## Precalculus (6th Edition) Blitzer

We use mathematical induction as follows: Statement ${{S}_{1}}$ is; $1\cdot 2=2$ And simplifying on the right, we obtain $\frac{n\left( n+1 \right)\left( n+2 \right)}{3}=2$. So, this true statement shows that ${{S}_{1}}$ is true. Also, assume ${{S}_{k}}$ is true.
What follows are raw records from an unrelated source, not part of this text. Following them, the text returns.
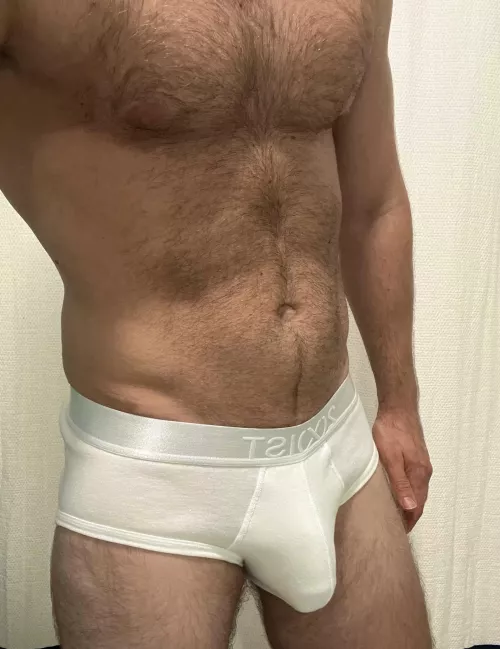 Tighty whities bulge 💪🏼 by HairyJock87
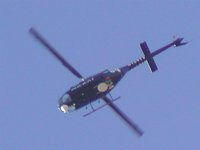 Twin blade from below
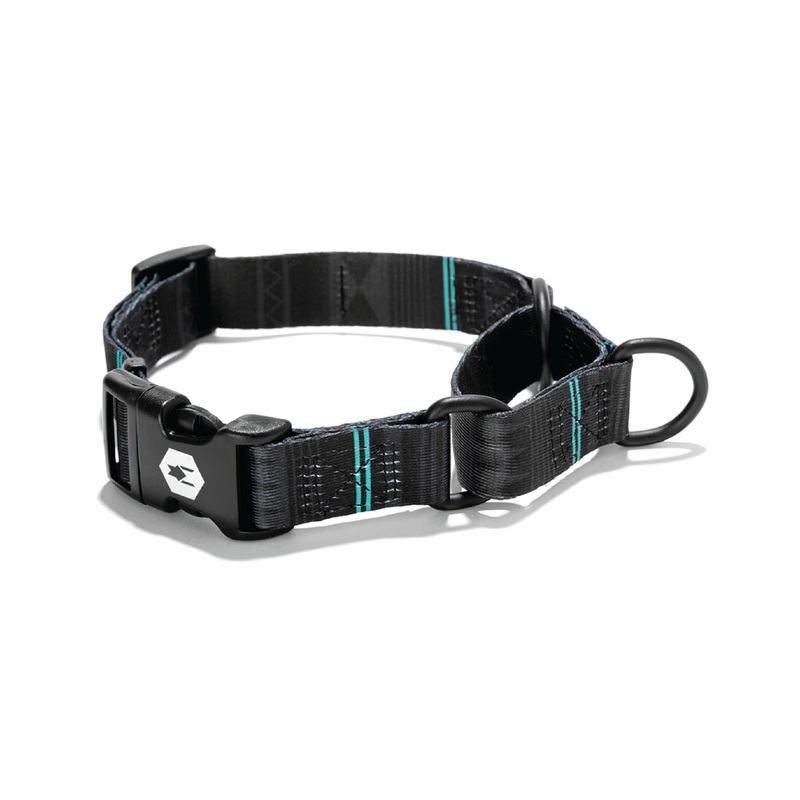Wolfgang Premium Martingale Dog Collar for Medium Dogs, Durable & Easy to Clean Nylon Dog Collar with Quick Clip Buckles, for Training & Daily Use, Made in USA, NightOwl Print, (1 Inch x 14-18 Inch) Medium (1 Inch x 14-18 Inch)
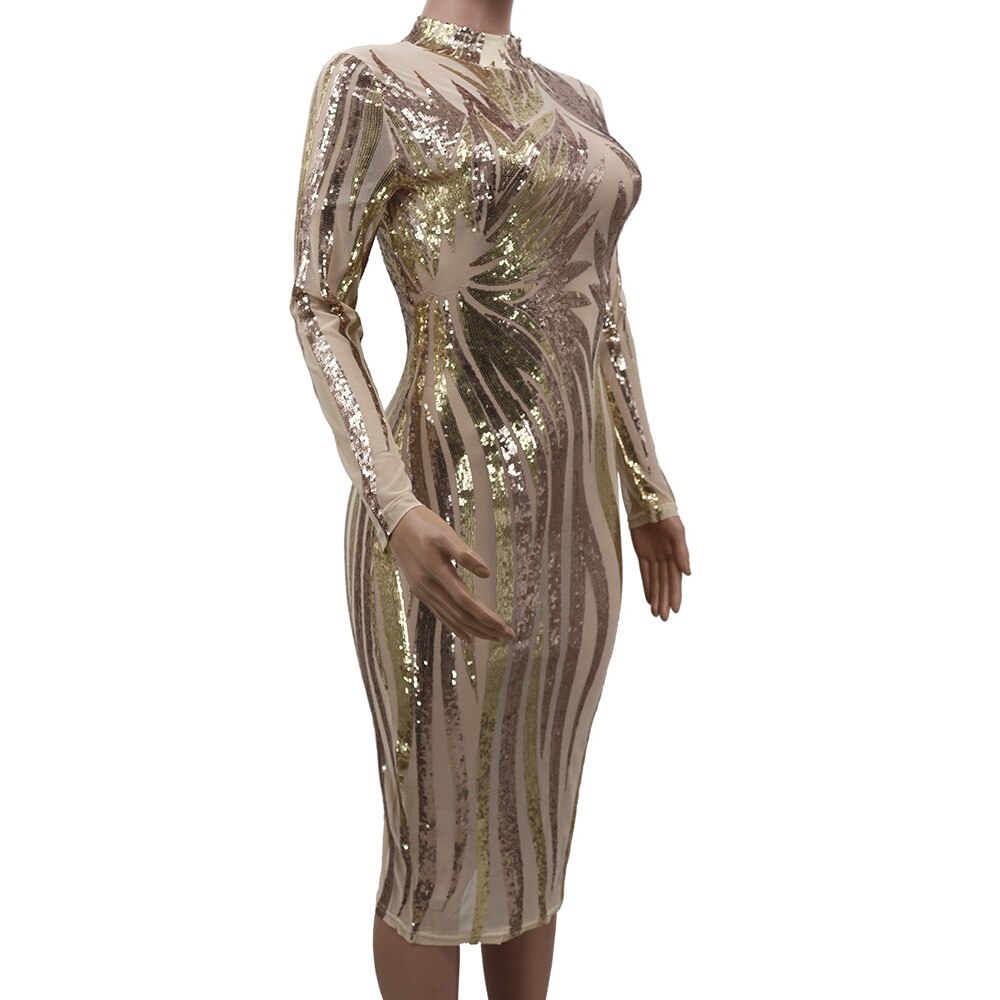 See-Through Mesh Bodycon Dress With Sequins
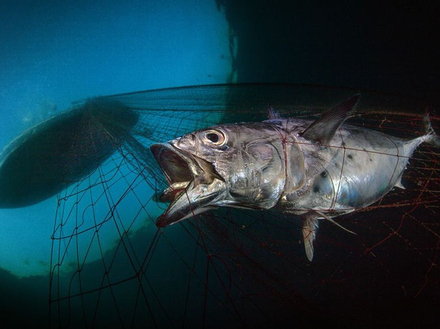 Lauréat de la catégorie conservation marine :" Last Dawn, Last Breath" Nautisme Article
Using ${{S}_{k}},{{S}_{k+1}}$ from the expression, $1\cdot 2+2\cdot 3+...+k\left( k+1 \right)=\frac{k\left( k+1 \right)\left( k+2 \right)}{3}$ By adding $\left( k+1 \right)\left( k+2 \right)$ on both sides, we get: \begin{align} & 1\cdot 2+2\cdot 3+...+k\left( k+1 \right)+\left( k+1 \right)+\left( k+2 \right)=\frac{k\left( k+1 \right)\left( k+2 \right)}{3}+\left( k+1 \right)\left( k+2 \right) \\ & 1\cdot 2+2\cdot 3+...+k\left( k+1 \right)+\left( k+1 \right)+\left( k+2 \right)=\frac{k\left( k+1 \right)\left( k+2 \right)+3\left( k+1 \right)\left( k+2 \right)}{3} \\ & 1\cdot 2+2\cdot 3+...+k\left( k+1 \right)+\left( k+1 \right)+\left( k+2 \right)=\frac{\left( k+1 \right)\left( k+2 \right)\left( k+3 \right)}{3} \\ \end{align} Thus, ${{S}_{k+1}}$ is true. The result $1\cdot 2+2\cdot 3+...+n\left( n+1 \right)=\frac{n\left( n+1 \right)\left( n+2 \right)}{3}$ holds true.